The 4 steps of dismissing male concerns apply to any area where public resources/benefits are on the table. At the University of New Hampshire in the 1990's the institution had recently hired a new director of Diversity whose duties included being the person responsible for the university conduct system and ensuring compliance with all equal opportunity laws/policies. I served as a graduate student on the hiring committee. One of the 4 candidates we interviewed seemed well qualified and willing to perform the job fairly to all. 2 were questionable and 1 was clearly unqualified by displaying blatant feminist bias against men. This last woman was the person hired of course despite my clear written warnings about the bias she appeared to bring to the position. My words proved prophetic in the first year when she faced a challenge.

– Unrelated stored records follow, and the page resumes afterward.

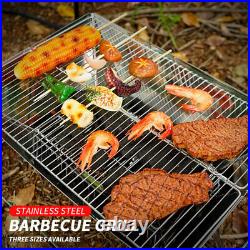 1pc Camping Stainless Steel Barbecue Rack Stainless Steel Barbecue Grill
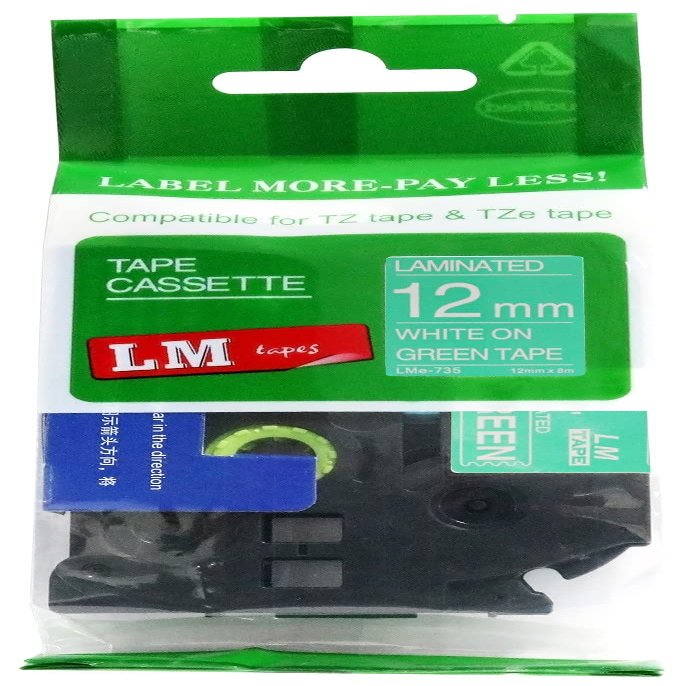 LM Tapes - Premium 1/2" (12mm) White on Green Compatible TZe P-Touch Tape for use with Brother PT-7100, PT7100 Ptouch Label Printer Includes Tape Size/Color Guide.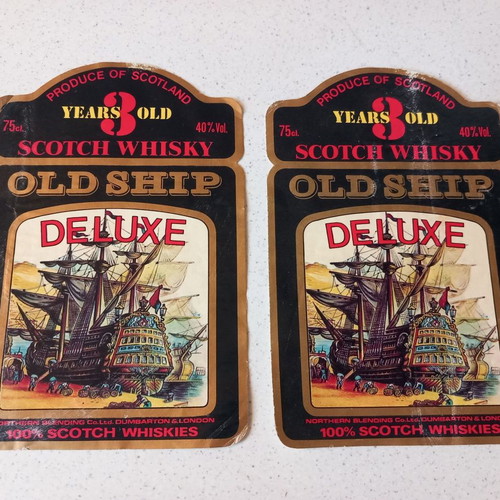 Old Ship Deluxe Scotch Whisky label used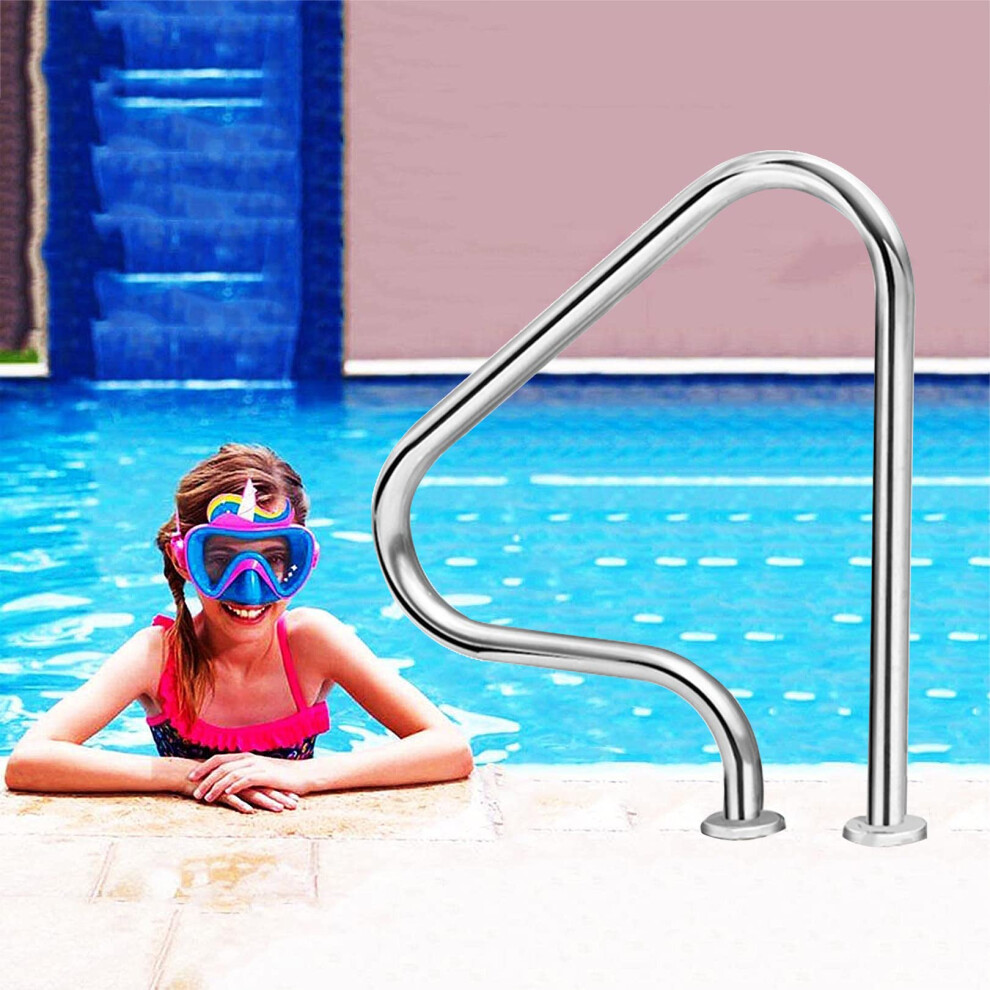 Pool Handrail 31.4' 3Bend Stainless Steel Pool Rail For Inground Swimming Pool, 440Lbs Load Capacity 9330225298366
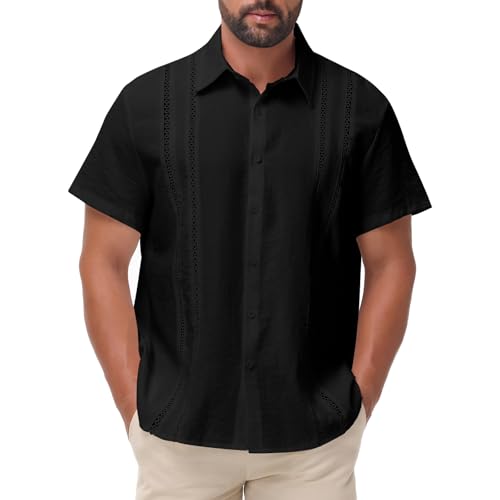 Lista de Camisas Caballero del mes. 40 CHUCI - Camisa Hombre para Playa, Camisas Guayabera, Ligera de Manga Corta con Botones para Hombre Camisas, Casuales Camisa Informal para Playa y Vacaciones (Grande, Negro)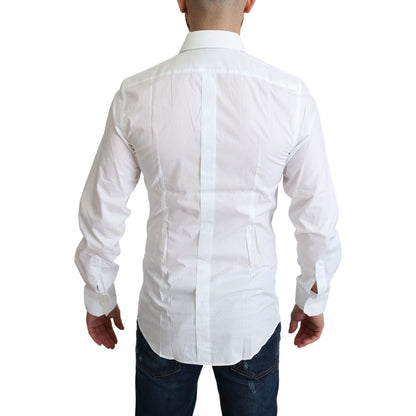 Dolce & Gabbana White Pure Cotton Men Dress Formal Shirt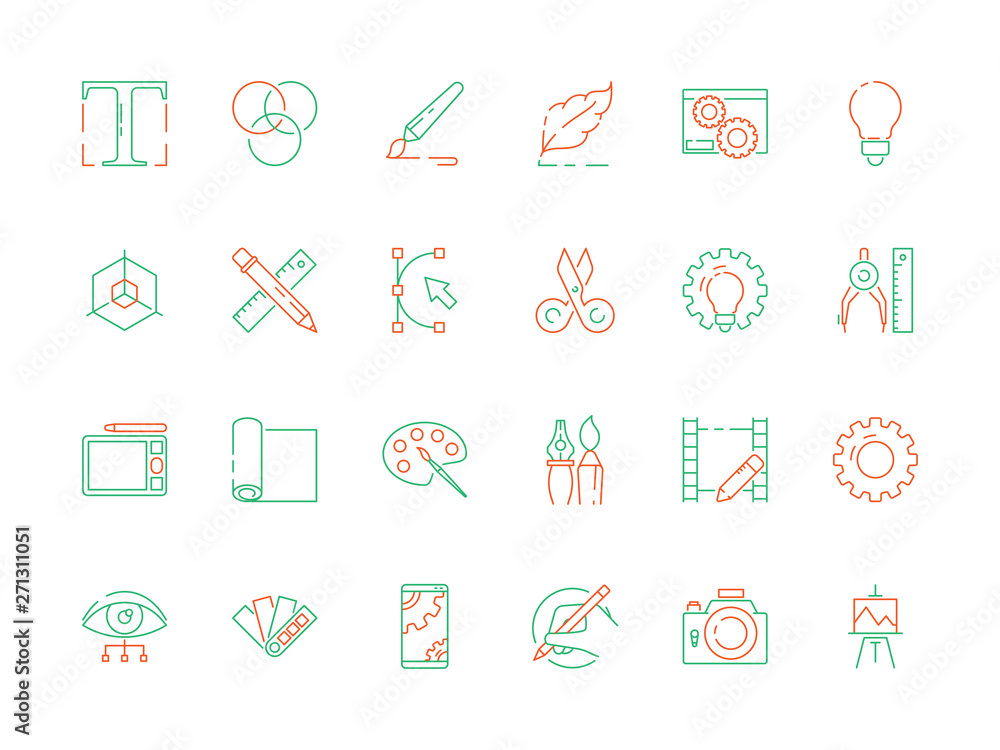 Poster design tools icon. code web designs artist items internet programming poligrafia vector thin icons. 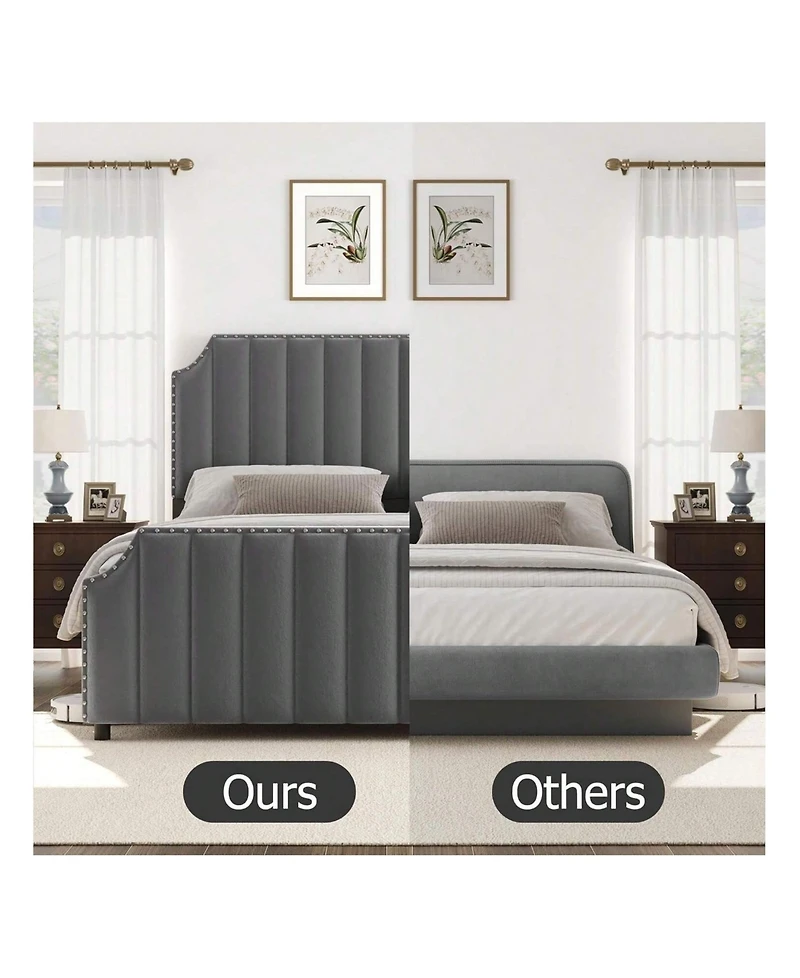 gaomon Queen Platform Bed Frame, Velvet Upholstered, 50.2" Vertical Channel Tufted Headboard & Footboard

The university had long faced issues with sufficient housing in the small town of Durham. While many students lived in adjacent towns which were connected by a good university run bus system, the underlying housing situation in Durham remained problematic. The university was only able to guarantee on campus housing to freshman and incoming transfer students for their first year. To manage the rest of the students the university ran a lottery for the remaining housing slots. As part of the university's "diversity" initiatives, woke administrators proposed exempting people of color and LGBT people from the lottery guaranteeing them housing. As might be expected, students objected to this blatant example of housing administration. The diversity administrator, the person to whom students would have to report discrimination concerns and who would investigate personally wrote letters to the student newspaper defending the lottery exemption and accusing the students who were objecting of exerting white male privilege based on their race and ethnicity. At this time the university was 60% female: 40% male and mostly white. The only demographic group vastly over-represented on campus were white women like this white lesbian administrator. Despite the unwritten rule of university administrators NOT attacking individual students for daring to express their opinions in the student newspaper, this lesbian had no problem doing so in the name of her woke feminist values. She trivialized the students concerns, denied there was a problem, justified the discriminatory policy and was clearly using her position to intimidate the students into silence. It didn't work. The students stuck to their guns with support from people like myself. In the end, the university's own attorney authored a letter to the newspaper essentially stating that the university needed to stick to its original race/gender neutral approach to the housing lottery based on the very equal protection laws related to housing that the students were referencing if it wished to avoid legal complications. A male administrator who had made such a fool of himself to justify discrimination against women would have been fired faster than the speed of light. The woman in this case was neither fired nor even disciplined and remained in her important role until she chose to retire.

So yes...men do indeed face prejudice and feminism is at the core of it!

Brent Nyitray's avatar

Women didn't care about men's troubles until it started to affect their marriage prospects.

They still don't.

I would say the majority of women who discuss male troubles are concern trolling.